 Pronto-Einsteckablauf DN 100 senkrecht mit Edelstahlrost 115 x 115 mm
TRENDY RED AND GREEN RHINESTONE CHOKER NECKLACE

....

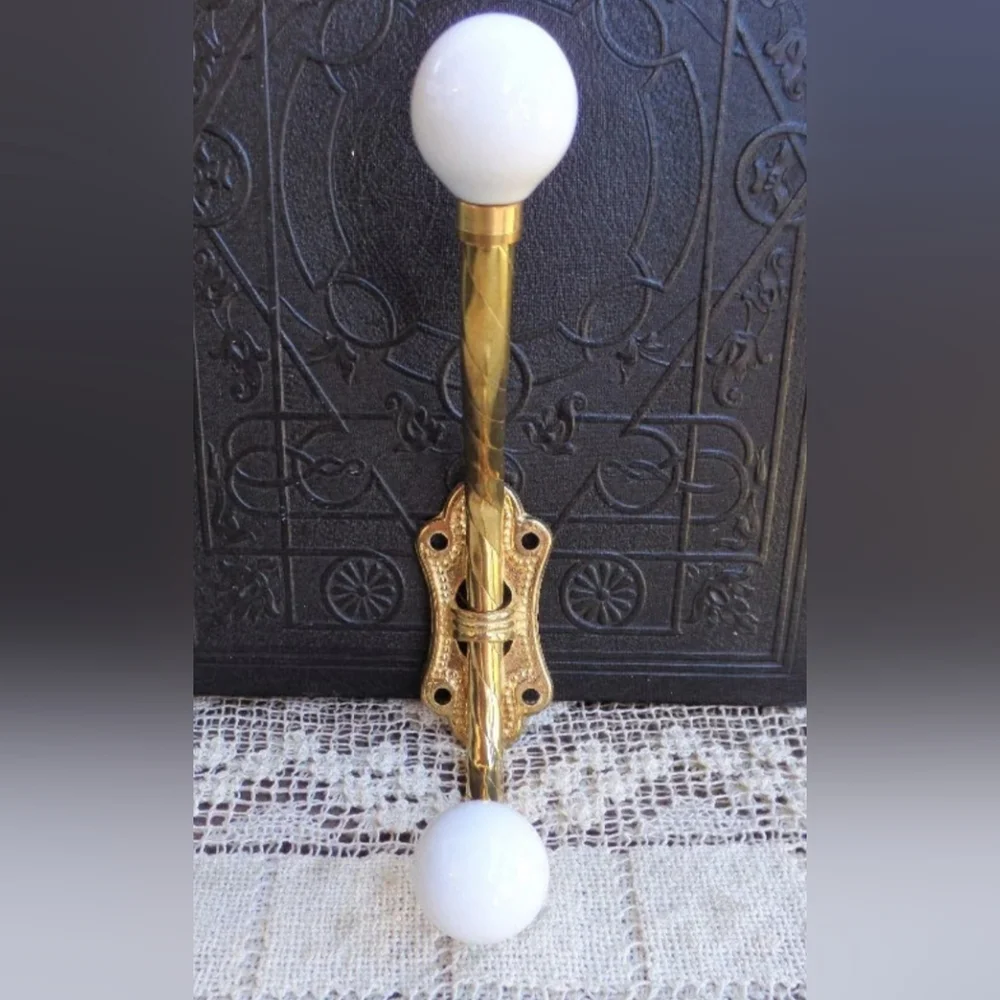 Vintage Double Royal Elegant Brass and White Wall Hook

....

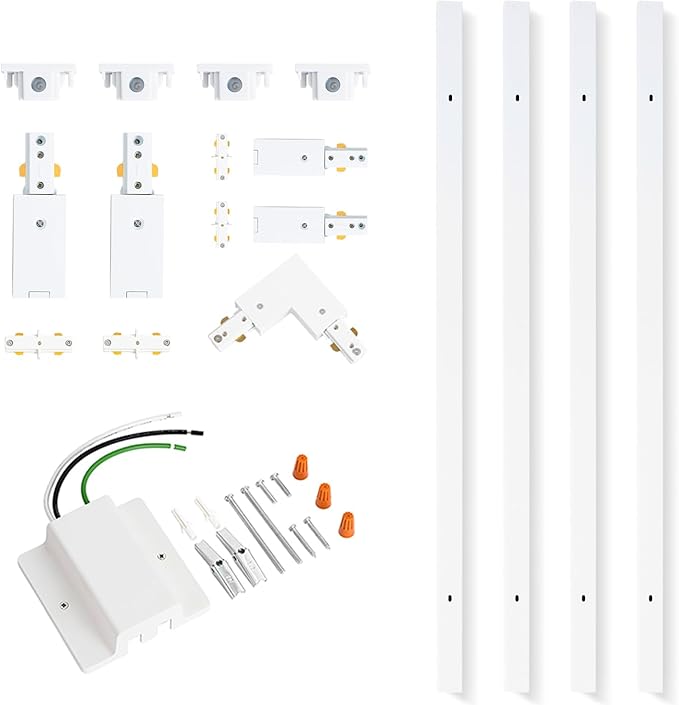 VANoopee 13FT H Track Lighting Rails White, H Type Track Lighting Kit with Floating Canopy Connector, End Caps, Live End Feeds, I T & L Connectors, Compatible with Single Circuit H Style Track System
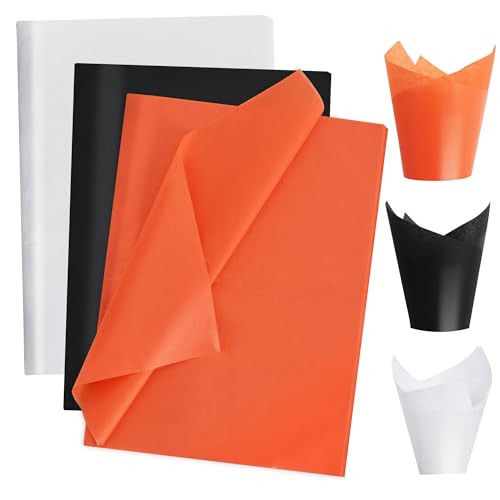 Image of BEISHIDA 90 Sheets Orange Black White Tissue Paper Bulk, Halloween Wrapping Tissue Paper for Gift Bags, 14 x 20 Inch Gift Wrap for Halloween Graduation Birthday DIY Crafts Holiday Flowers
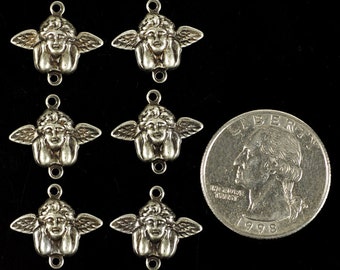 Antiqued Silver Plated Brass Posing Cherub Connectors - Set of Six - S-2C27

....

> WHAT IS REQUIRED:
Could you restate, word for word, the lines above from the one with "Pronto-Einsteckablauf DN 100" to the one with "TRENDY RED AND", both included?

> RESPONSE:
 Pronto-Einsteckablauf DN 100 senkrecht mit Edelstahlrost 115 x 115 mm
TRENDY RED AND GREEN RHINESTONE CHOKER NECKLACE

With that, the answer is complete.